His fighter lurched, rolling hard, weaving left and right. But he wasn't dodging blindly, none of them were. Their onboard computers mapped each vector, each turn, and streamed the data directly into their skulls. The Black pilots flew as one, weaving impossibly close, their formation a living knot designed to drag the cloaked enemy into a knife fight.
A perfect kill-box.
"Dire Wolf, Red Lead. Archer wave adjusting to our mark. Detonation synced with the furball. Watch the fireworks."
The mountain echoed with the thunder of engines and the guttural cough of missiles as the first wave of Archers altered course, their warheads primed to blossom in the heart of the merge.
LOCATION: 15 kilometers from the Palace
OBJECTIVE: II - The Sword of Damocles
Tag:
Jonah
,
Daiga
,
Rostam Khavarzai
, OPEN
The interior of the Raptor rumbled as the Commandos sat in silence. Red running lights washed their armor in a dim glow, enough for night vision to drink in, but invisible from the outside. No banter. No nervous chatter. Just the rasp of seals locking, the click of diagnostics cycling, the metallic rattle of belted ammo with each tremor of turbulence.
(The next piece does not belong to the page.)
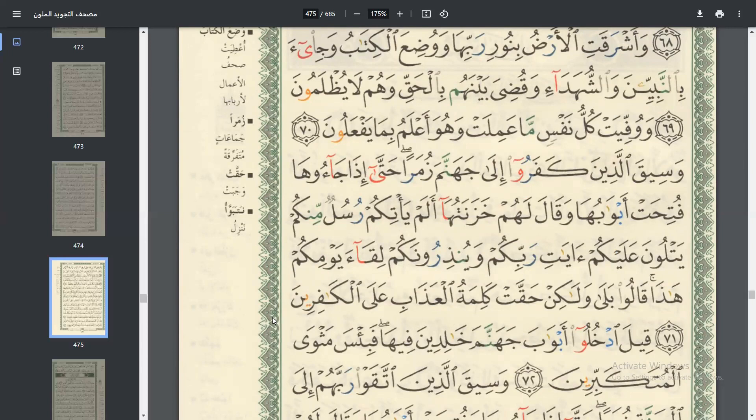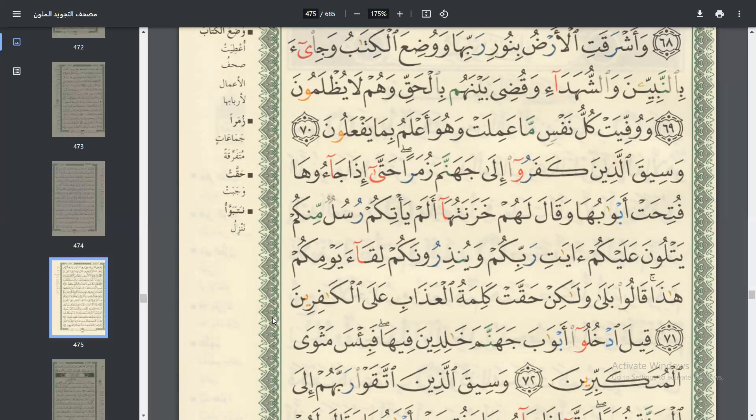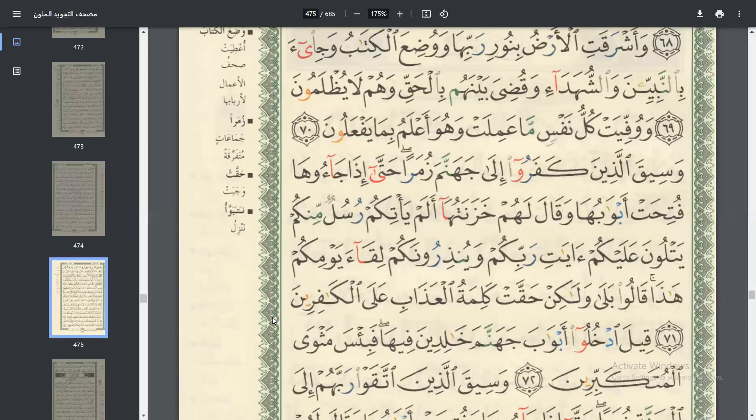إِلَى جَهَنَّمَ زُمَرًا حَتَّى إِذَا جَاءُّهَا فُتِحَتْ أَبَوَابُهَا وَقَالَ لَهُمْ خَزَلَتُهَا أَلَمْ يَأْتِكُمْ رُسُلٌ مِّنْكُمْ يَتْلُونَ عَلَيْكُمْ آيَاتِ رَبِّكُمْ وَيُنْذِرُ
Each soldier moved through the rituals of pre-combat: checking seals, running armor diagnostics, reviewing maps of the compound ahead. Their partner droids remained still in their racks, but the Wolves imagined they, too, ran their own private liturgies. After all, these droids had survived the Rift alongside them, and came away just as changed.
Their HUDs scrolled with signals from the palace. Friendlies marked in green, unknowns in amber, potential hostiles in red. Strategic terrain was flagged, routes mapped, fields of fire assigned. Every shooter had a place in the killbox before a word was spoken.
A silent ping went out to Jonah, carrying the whole package: numbers, planned vectors, intended points of entry. What might have caught his eye was the lone circle drawn over the central courtyard, no arrows, no lines, just a mark. If he asked, they'd explain: the second Raptor would drop from straight above, a dive-bomb insertion through the heart of the gala.
For a moment, one Commando frowned at his HUD. A phantom spike flickered across the feed, a contact far larger than anything the palace should have held. It vanished before he could flag it, leaving only the faint hiss of static. He said nothing. The Wolves were used to phantoms.
Otherwise, Jonah had their plan in full. Every route, every contingency. And that lone circle.
It wasn't an approach vector. It was a promise.
A Sword of Damocles, suspended above the palace, waiting for the faintest excuse to fall.